Te nieliczne komentarze, na które pozwala sobie Kari Herbert, zostały już dawno temu wyartykułowane. Na nowe się nie zdobywa. Dowiadujemy się np. o tym, że pierwsi podróżnicy wykorzystywali mieszkańców Grenlandii oferując im metalowe narzędzia czy jedzenie w zamian za futra i kości morsów, na których po powrocie zbijali fortuny. Faktem jest jednak, że Eskimosi polarni mieli odmienne podejście do handlu i własności, jak podkreśla Kari Herbert, dodając, że „nie byli zazdrośni o dobytek. Od stuleci dzielili się swoją własnością, bez pytania pożyczali od siebie nawzajem rozmaite rzeczy. Również mięso i futra były wspólne”. Handel – jak pisze – był dla nich okazją dzielenia się wspólnym dobrem.

Co nie zmienia tego, że pionierzy wypraw arktycznych wykorzystywali te odmienne uwarunkowania kulturowe. Eskimosko-duński podróżnik Knud Rasmussen właśnie na operacjach handlowych z Grenlandczykami zarobił na prowadzenie badań antropologicznych i archeologicznych na Arktyce. To on założył w 1909 pierwszą faktorię handlową na wyspie. Gdy w 1971 przybyła tu rodzina autorki książki, w tym miejscu działał duński sklep.

Jest też w „Córce polarnika” cały komplet standardowych informacji, jak choćby te o destrukcyjnej działalności chrystianizacyjnej. Kari Herbert przypomina pierwszego misjonarza Gustava Ostena. Rozpoczął swoją misję chrześcijańską w 1909, gdy w 1927 opuszczał wyspę, „cała populacja Thule – kilkuset myśliwych z plemienia Inughuitów oraz kobiety i dzieci została ochrzczona”. Swoją historię, obyczaje, wierzenia Eskimosi polarni przekazywali ustnie, za pomocą śpiewu i pieśni wygrywanych na bębnach, które – jak pisze Herbert – „były niczym bicie plemiennego serca”. Misjonarze uznali te praktyki za pogańskie i skonfiskowali Eskimosom bębny. Konsekwencja z jaką zabijają panującą tu kulturę odnotuje Knud Rasmussen, który już w 1927 podkreśla w swojej książce spadek przywiązania do rytuałów i tabu wśród mieszkańców Grenlandii.
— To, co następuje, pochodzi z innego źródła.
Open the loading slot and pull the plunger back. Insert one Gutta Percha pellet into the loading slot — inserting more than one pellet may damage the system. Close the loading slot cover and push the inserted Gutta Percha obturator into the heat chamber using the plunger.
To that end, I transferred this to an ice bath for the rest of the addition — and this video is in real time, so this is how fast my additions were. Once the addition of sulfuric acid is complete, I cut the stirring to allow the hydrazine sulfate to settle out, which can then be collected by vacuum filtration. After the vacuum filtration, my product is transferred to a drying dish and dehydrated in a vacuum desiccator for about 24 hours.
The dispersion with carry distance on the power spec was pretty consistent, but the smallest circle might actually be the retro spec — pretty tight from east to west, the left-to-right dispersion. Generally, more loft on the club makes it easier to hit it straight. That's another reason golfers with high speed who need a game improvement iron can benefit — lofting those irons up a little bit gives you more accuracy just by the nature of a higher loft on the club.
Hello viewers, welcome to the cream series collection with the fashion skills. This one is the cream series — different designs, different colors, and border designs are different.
Grenlandia a nordycki sznyt

Pewna rzecz zwróciła moją uwagę. Do tej pory utożsamialiśmy Grenlandię z krajami nordyckimi. Kari Herbert podkreśla jednak, że Grenlandczykom bliżej jest do mieszkańców północnej Kanady i Alaski. W „Córce polarnika” mamy wystarczająco dowodów, na to, że kultura nordycka słabo się tu przyjęła. Tym, co różni dawnych Eskimosów od wikingów to „brak skłonności przywódczych, żadna jednostka nie przejmowała władzy nad resztą społeczności, nigdy nie istniała żadna rada plemienna”.
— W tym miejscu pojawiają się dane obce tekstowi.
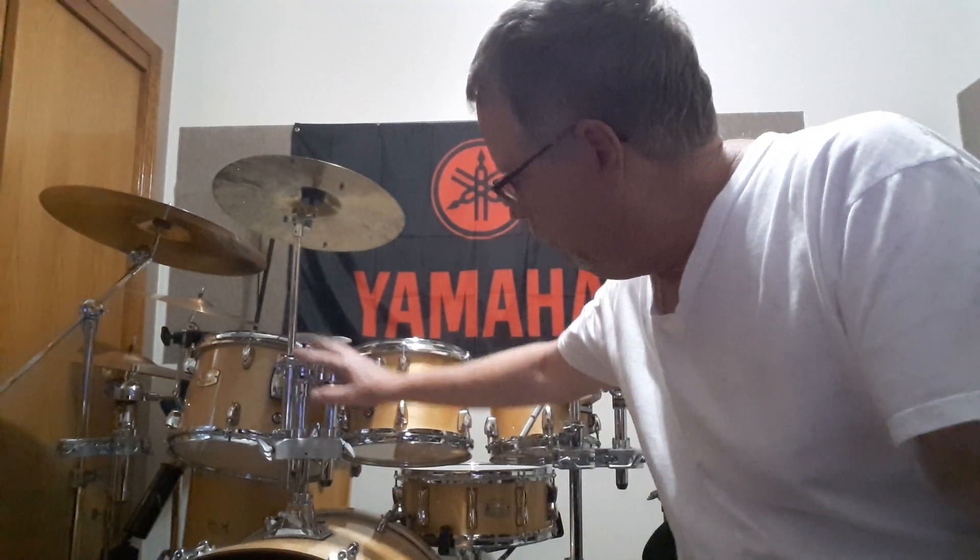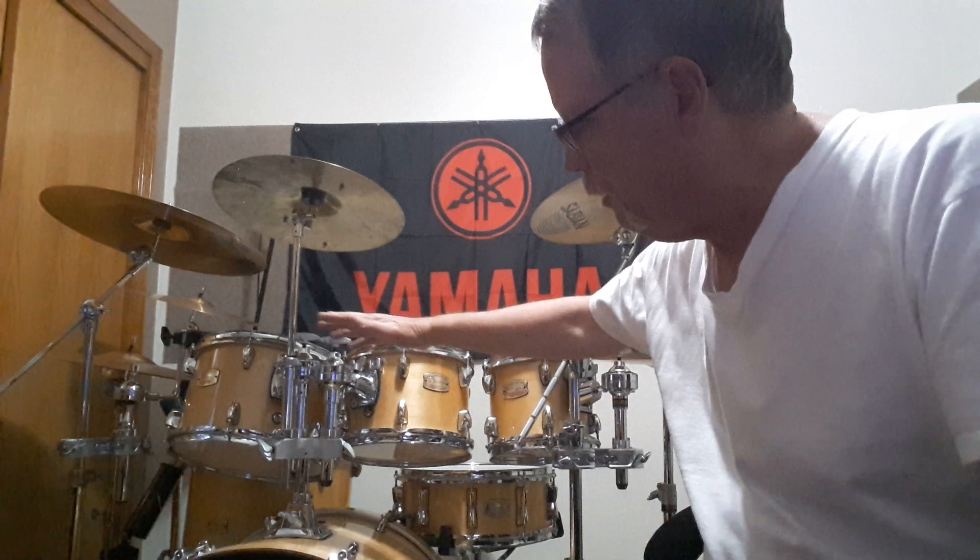The mounting for the mounted tom-toms is so flexible, it really makes it easier to set up. Everything else about it — the fit and the finish is excellent. I'm really quite pleased with everything about the drum.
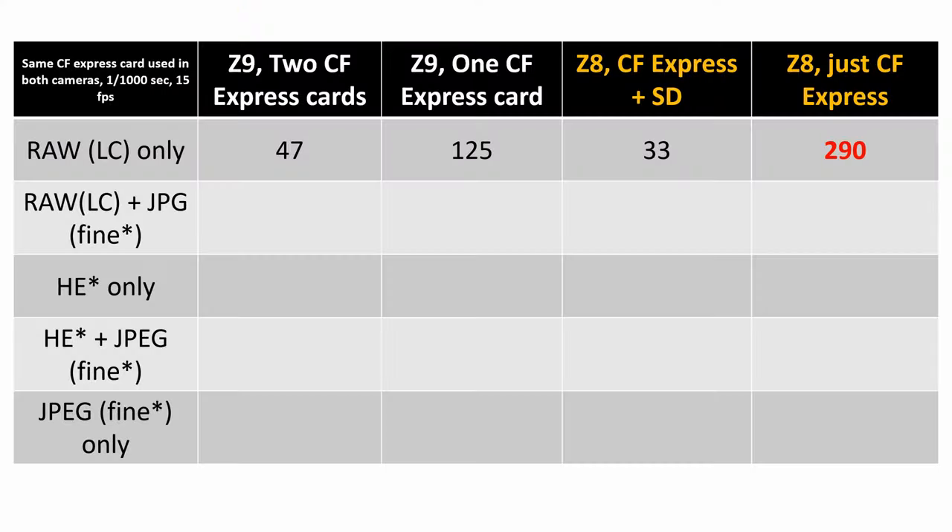Next test: RAW lossless compressed with JPEG. The Z9 with two CFexpress cards — one taking the RAW lossless compressed, the second getting the JPEG fine — hit 61 frames before the buffer. The Z8 with CFexpress and SD card did 41. I see a pattern here: with two cards, even a good SD card, it's not doing as well as the Z9. Z9 with one CFexpress card: 57 frames. Z8 with one CFexpress card: 75. So once again it is beating the Z9, which again surprises me. I ran these tests a couple of times just to make sure, and I kept getting almost the same results every time.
Sięgając głębiej widać też, że to nie wikingowie nadali wyspie charakter. Współcześni mieszkańcy Grenlandii prawdopodobnie pochodzą od ludzi z kultury Dorset. To jak pisze Kari Herbert, wytrawni myśliwi, którzy pozostawili po sobie kunsztowne rzemiosło. Nieliczne ślady tej kultury zastali osadnicy Eryka Rudego, którzy dotarli tu w 986. Potem do tej części Arktyki przybyli ludzie Thule, zmieniając oblicze współczesnego sobie świata. To im Grenlandia zawdzięcza cywilizacyjny skok. Pozostawili po sobie umiaki, czyli duże powlekane skórą łodzie, kajaki i sanie ciągnięte przez psy. Stworzyli system wierzeń i tabu, z którym zetknął się podróżujący tu Rasmussen. Na dalekiej północy aż do XVIII wieku trwała nieustanna migracja z Kanady. Osadnicy z tej fali zyskali miano Eskimosów polarnych i „stali się najodważniejszymi i najznamienitszymi myśliwymi”.

Inughuici mają zupełnie odmienny od Skandynawów stosunek do samotności. O ile mieszkańcy krajów nordyckich mają do niej neutralny stosunek, o tyle na Grenlandii jest czymś, czego się za wszelką cenę unika. Mieszkańcy Grenlandii mają zupełnie inny stosunek do wierności seksualnej.

Prawo Jante pochodzi z Grenlandii?

Znalazłam tu jednak wątek, który nieodmiennie kojarzył mi się z prawem Jante. Zastanawiam się wręcz, czy osławione przez Aksela Sandemosego zasady, nie dotarły do Skandynawii za sprawą mieszkańców Arktyki. W jednym miejscu można przeczytać w „Córce polarnika” o największym lęku Eskimosów polarnych, którzy jak ognia unikali „odróżniania się od reszty, nawet bycie bardziej inteligentnym niż inni ludzie we wsi czasami mogło się okazać ciężarem”.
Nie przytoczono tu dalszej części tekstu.